**TASK OBJECTIVE**
Copy every line of the data exactly, keeping out any picture.

**PROVIDED MATERIAL**
-- Opening Marker --

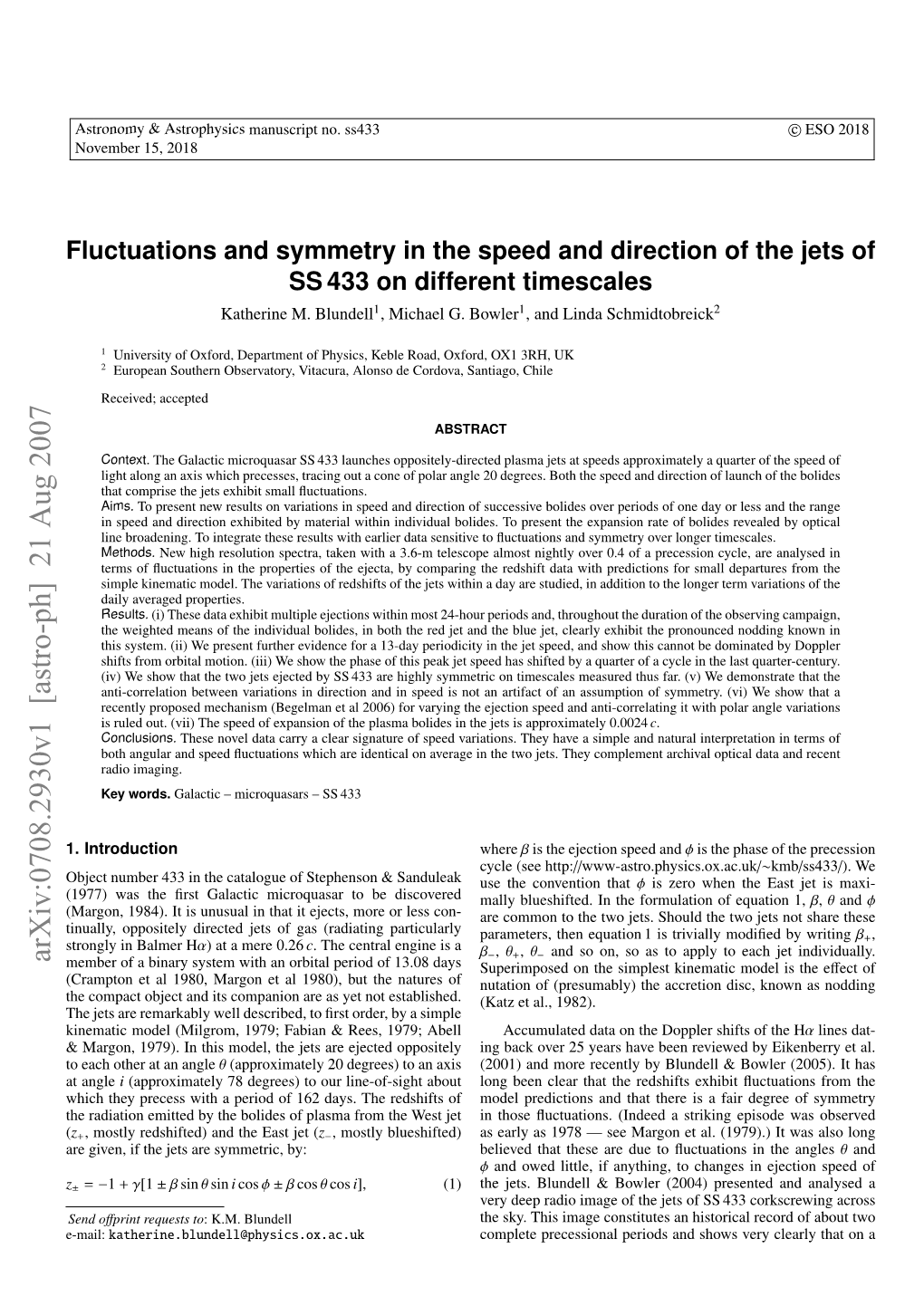 Fluctuations and Symmetry in the Speed and Direction of the Jets of SS 433 on Different Timescales Katherine M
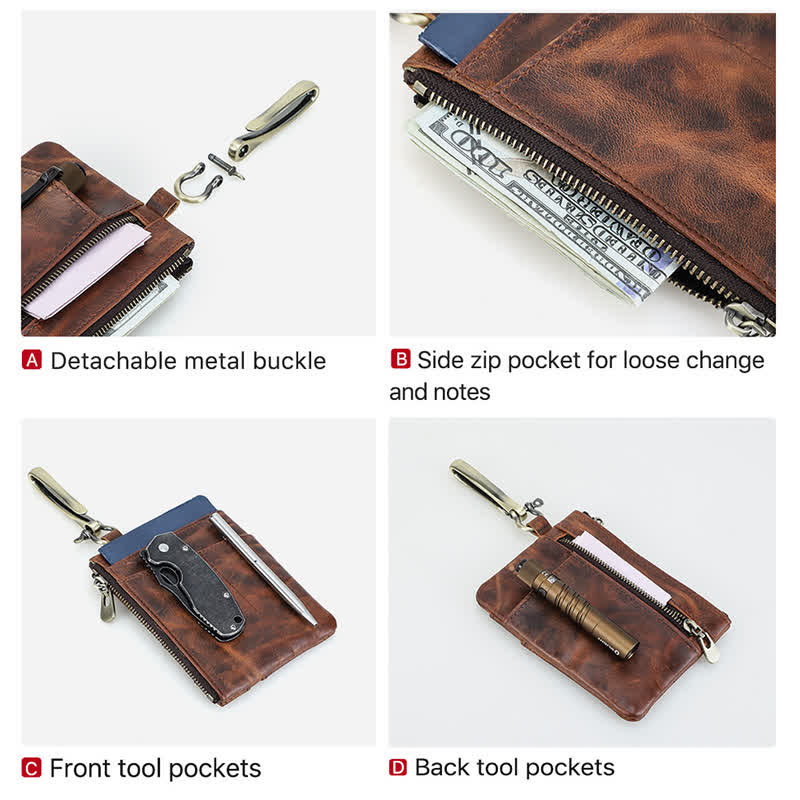 Functional Leather Tool Bag With Large Hook Buckle - image 7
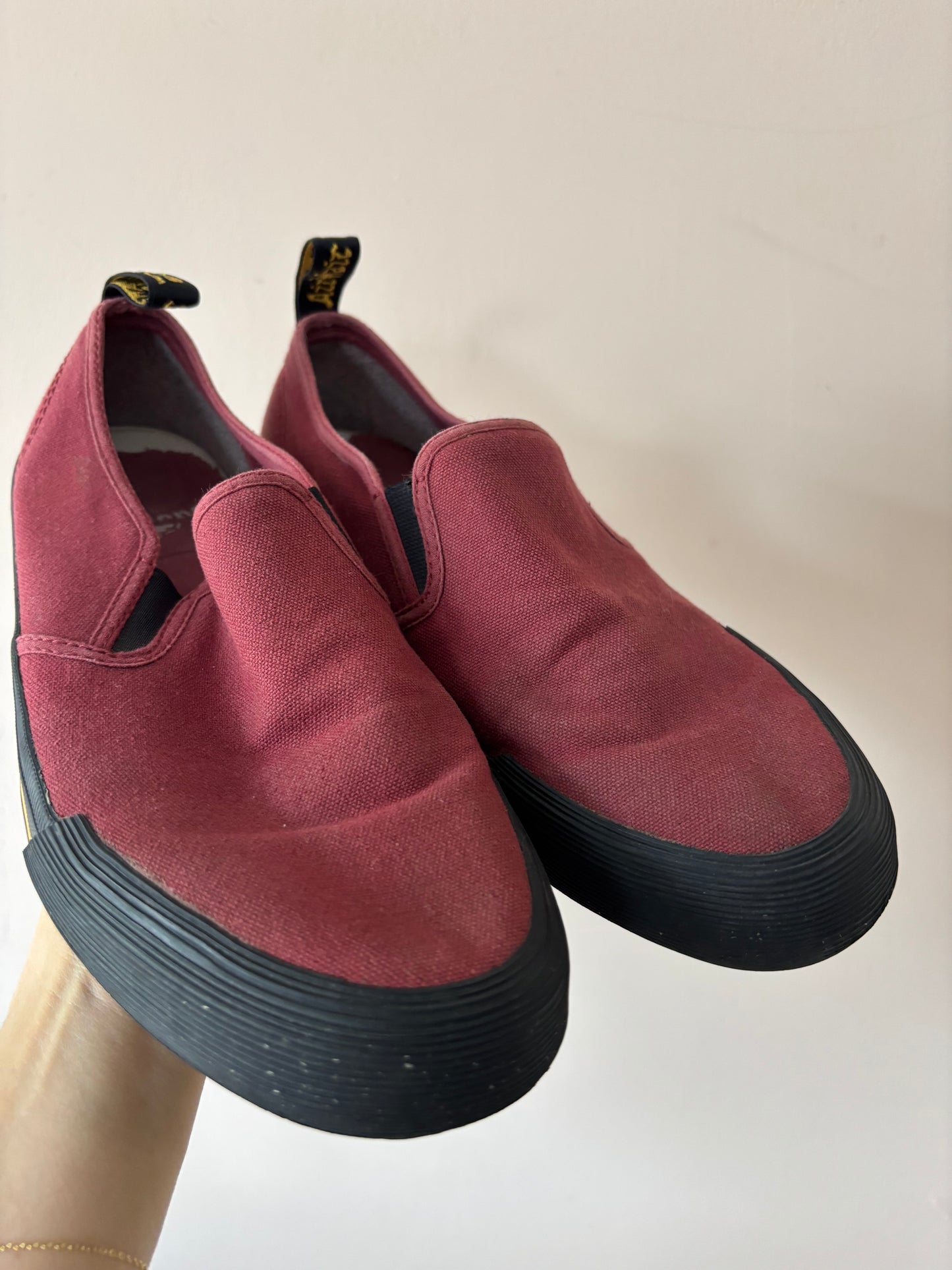 Cherry red canvas Dr Martens shoes size UK6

-- Closing Marker --

**ANSWER SPACE**
 Fluctuations and Symmetry in the Speed and Direction of the Jets of SS 433 on Different Timescales Katherine M
 Functional Leather Tool Bag With Large Hook Buckle - image 7
 Cherry red canvas Dr Martens shoes size UK6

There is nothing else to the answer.